*ASSIGNMENT*
In your copy, each record should read exactly as it does below, and no pictures should be present.

········

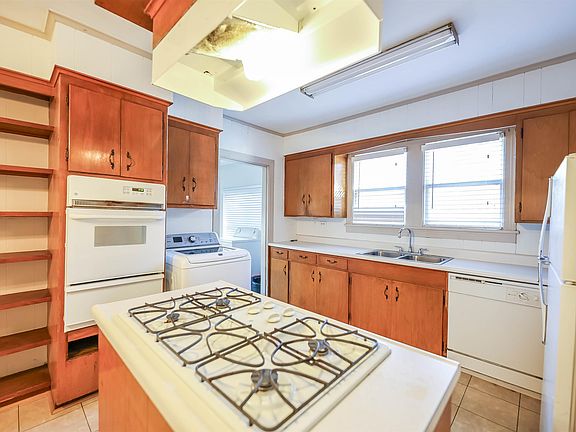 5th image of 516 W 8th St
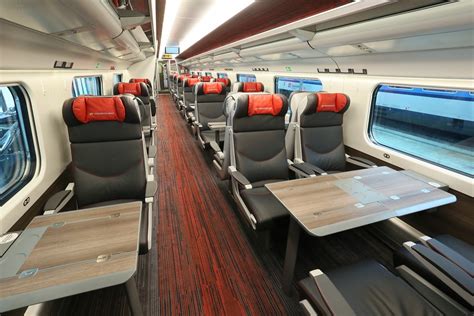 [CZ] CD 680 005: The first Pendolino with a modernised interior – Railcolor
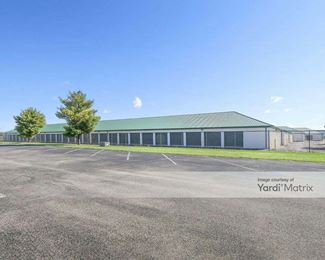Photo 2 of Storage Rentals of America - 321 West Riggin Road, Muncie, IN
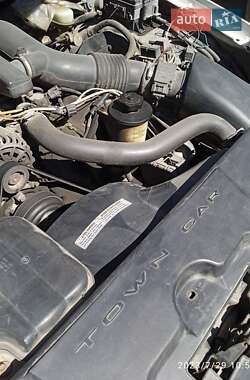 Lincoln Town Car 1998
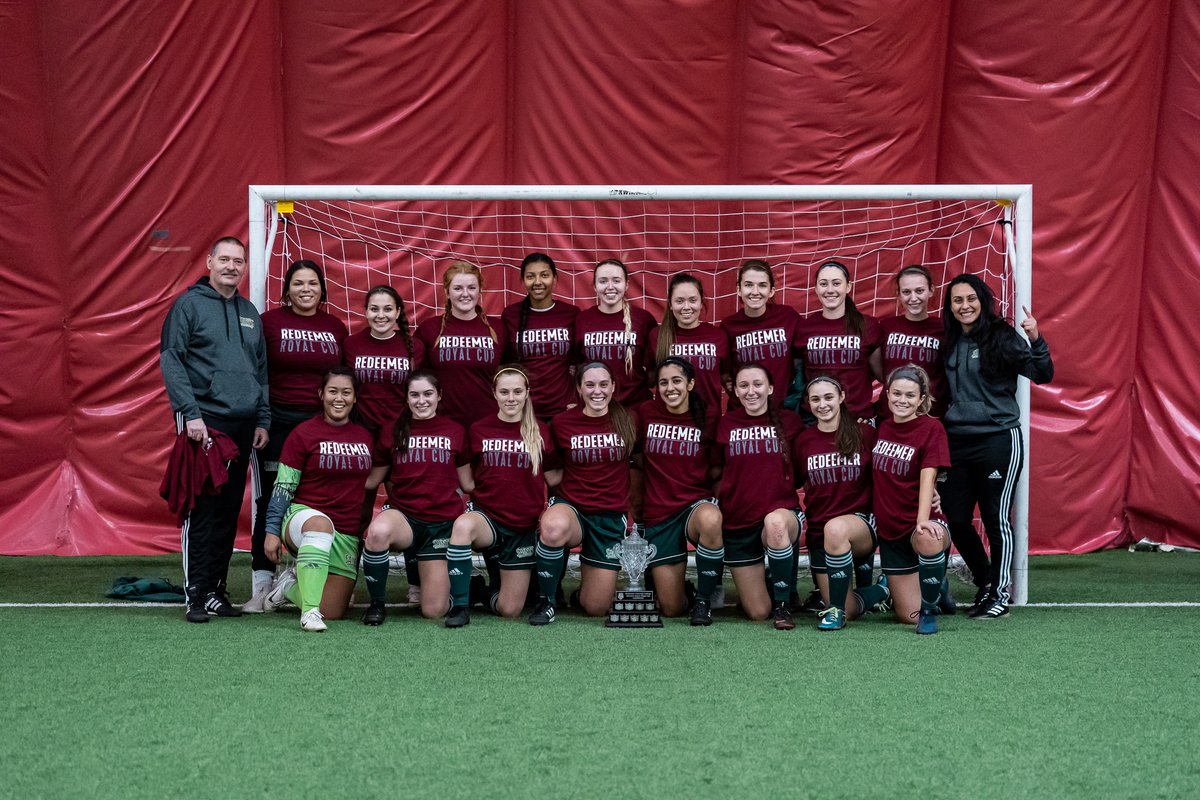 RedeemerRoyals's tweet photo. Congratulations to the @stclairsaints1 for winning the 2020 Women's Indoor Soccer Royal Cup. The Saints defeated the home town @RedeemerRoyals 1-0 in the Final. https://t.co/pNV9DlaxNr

········

*SOLUTION TO THE EXERCISE*
 5th image of 516 W 8th St
 [CZ] CD 680 005: The first Pendolino with a modernised interior – Railcolor
Photo 2 of Storage Rentals of America - 321 West Riggin Road, Muncie, IN
 Lincoln Town Car 1998
 RedeemerRoyals's tweet photo. Congratulations to the @stclairsaints1 for winning the 2020 Women's Indoor Soccer Royal Cup. The Saints defeated the home town @RedeemerRoyals 1-0 in the Final. https://t.co/pNV9DlaxNr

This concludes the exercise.